==== Records to use

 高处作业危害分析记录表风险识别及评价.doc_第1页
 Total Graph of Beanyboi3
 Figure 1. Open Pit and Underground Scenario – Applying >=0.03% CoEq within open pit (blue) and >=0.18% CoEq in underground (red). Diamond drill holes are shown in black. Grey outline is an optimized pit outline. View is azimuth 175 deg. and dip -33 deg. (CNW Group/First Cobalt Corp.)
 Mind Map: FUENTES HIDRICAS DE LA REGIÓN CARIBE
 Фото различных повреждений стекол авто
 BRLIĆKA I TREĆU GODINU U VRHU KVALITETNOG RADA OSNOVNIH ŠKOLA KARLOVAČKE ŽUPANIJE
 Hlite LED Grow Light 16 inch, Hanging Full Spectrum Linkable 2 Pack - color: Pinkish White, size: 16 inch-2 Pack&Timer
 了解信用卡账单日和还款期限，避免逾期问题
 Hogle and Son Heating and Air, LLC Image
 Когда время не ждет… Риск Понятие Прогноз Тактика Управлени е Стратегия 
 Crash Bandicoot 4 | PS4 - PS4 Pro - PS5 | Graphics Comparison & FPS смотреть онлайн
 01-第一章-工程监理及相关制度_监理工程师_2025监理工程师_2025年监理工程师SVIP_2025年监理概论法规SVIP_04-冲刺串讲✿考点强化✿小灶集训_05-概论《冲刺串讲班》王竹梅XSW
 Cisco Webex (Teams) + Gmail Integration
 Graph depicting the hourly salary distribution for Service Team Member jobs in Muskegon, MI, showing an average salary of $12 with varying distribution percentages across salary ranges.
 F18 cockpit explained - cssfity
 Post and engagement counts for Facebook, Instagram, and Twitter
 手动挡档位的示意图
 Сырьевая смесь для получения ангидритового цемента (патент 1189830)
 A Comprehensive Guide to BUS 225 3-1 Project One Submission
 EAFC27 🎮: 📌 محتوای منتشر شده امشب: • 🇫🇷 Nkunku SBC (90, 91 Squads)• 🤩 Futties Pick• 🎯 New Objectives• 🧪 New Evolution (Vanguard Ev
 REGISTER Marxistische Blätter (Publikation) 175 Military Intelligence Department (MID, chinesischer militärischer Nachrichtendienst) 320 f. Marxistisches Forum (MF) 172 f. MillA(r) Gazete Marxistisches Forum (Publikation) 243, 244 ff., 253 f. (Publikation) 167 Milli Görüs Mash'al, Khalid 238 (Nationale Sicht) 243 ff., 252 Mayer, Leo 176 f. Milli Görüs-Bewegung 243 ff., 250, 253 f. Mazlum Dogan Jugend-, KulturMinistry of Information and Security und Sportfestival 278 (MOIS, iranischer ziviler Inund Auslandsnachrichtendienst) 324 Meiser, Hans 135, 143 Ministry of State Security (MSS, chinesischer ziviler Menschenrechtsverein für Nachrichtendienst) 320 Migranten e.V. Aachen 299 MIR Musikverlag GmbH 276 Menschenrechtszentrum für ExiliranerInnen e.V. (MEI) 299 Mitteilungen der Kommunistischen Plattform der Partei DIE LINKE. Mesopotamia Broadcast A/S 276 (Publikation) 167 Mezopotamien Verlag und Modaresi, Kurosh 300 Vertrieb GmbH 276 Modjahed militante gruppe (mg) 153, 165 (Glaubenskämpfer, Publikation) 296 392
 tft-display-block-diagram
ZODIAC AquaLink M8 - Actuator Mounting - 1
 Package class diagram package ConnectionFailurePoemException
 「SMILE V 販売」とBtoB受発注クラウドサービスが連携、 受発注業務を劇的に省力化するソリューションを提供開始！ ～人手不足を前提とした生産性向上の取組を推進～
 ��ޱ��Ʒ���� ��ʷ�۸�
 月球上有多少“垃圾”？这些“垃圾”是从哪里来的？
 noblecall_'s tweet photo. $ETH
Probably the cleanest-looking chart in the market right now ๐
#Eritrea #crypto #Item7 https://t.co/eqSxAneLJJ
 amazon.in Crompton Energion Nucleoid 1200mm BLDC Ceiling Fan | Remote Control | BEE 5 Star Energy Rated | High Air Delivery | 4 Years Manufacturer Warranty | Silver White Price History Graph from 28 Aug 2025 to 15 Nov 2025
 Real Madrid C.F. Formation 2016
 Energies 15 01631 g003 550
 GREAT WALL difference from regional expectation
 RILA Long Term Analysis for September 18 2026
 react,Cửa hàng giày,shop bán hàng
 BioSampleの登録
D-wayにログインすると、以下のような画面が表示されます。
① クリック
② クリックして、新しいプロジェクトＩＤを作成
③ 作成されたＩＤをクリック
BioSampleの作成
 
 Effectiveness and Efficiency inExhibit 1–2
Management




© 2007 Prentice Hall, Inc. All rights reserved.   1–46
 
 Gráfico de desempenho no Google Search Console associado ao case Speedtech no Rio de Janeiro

========

_What you will do_. Restate verbatim the first line above and all lines after it through the line containing "EAFC27 🎮: 📌"; omit the rest.

_Answer for this exercise_.
 高处作业危害分析记录表风险识别及评价.doc_第1页
 Total Graph of Beanyboi3
 Figure 1. Open Pit and Underground Scenario – Applying >=0.03% CoEq within open pit (blue) and >=0.18% CoEq in underground (red). Diamond drill holes are shown in black. Grey outline is an optimized pit outline. View is azimuth 175 deg. and dip -33 deg. (CNW Group/First Cobalt Corp.)
 Mind Map: FUENTES HIDRICAS DE LA REGIÓN CARIBE
 Фото различных повреждений стекол авто
 BRLIĆKA I TREĆU GODINU U VRHU KVALITETNOG RADA OSNOVNIH ŠKOLA KARLOVAČKE ŽUPANIJE
 Hlite LED Grow Light 16 inch, Hanging Full Spectrum Linkable 2 Pack - color: Pinkish White, size: 16 inch-2 Pack&Timer
 了解信用卡账单日和还款期限，避免逾期问题
 Hogle and Son Heating and Air, LLC Image
 Когда время не ждет… Риск Понятие Прогноз Тактика Управлени е Стратегия 
 Crash Bandicoot 4 | PS4 - PS4 Pro - PS5 | Graphics Comparison & FPS смотреть онлайн
 01-第一章-工程监理及相关制度_监理工程师_2025监理工程师_2025年监理工程师SVIP_2025年监理概论法规SVIP_04-冲刺串讲✿考点强化✿小灶集训_05-概论《冲刺串讲班》王竹梅XSW
 Cisco Webex (Teams) + Gmail Integration
 Graph depicting the hourly salary distribution for Service Team Member jobs in Muskegon, MI, showing an average salary of $12 with varying distribution percentages across salary ranges.
 F18 cockpit explained - cssfity
 Post and engagement counts for Facebook, Instagram, and Twitter
 手动挡档位的示意图
 Сырьевая смесь для получения ангидритового цемента (патент 1189830)
 A Comprehensive Guide to BUS 225 3-1 Project One Submission
 EAFC27 🎮: 📌 محتوای منتشر شده امشب: • 🇫🇷 Nkunku SBC (90, 91 Squads)• 🤩 Futties Pick• 🎯 New Objectives• 🧪 New Evolution (Vanguard Ev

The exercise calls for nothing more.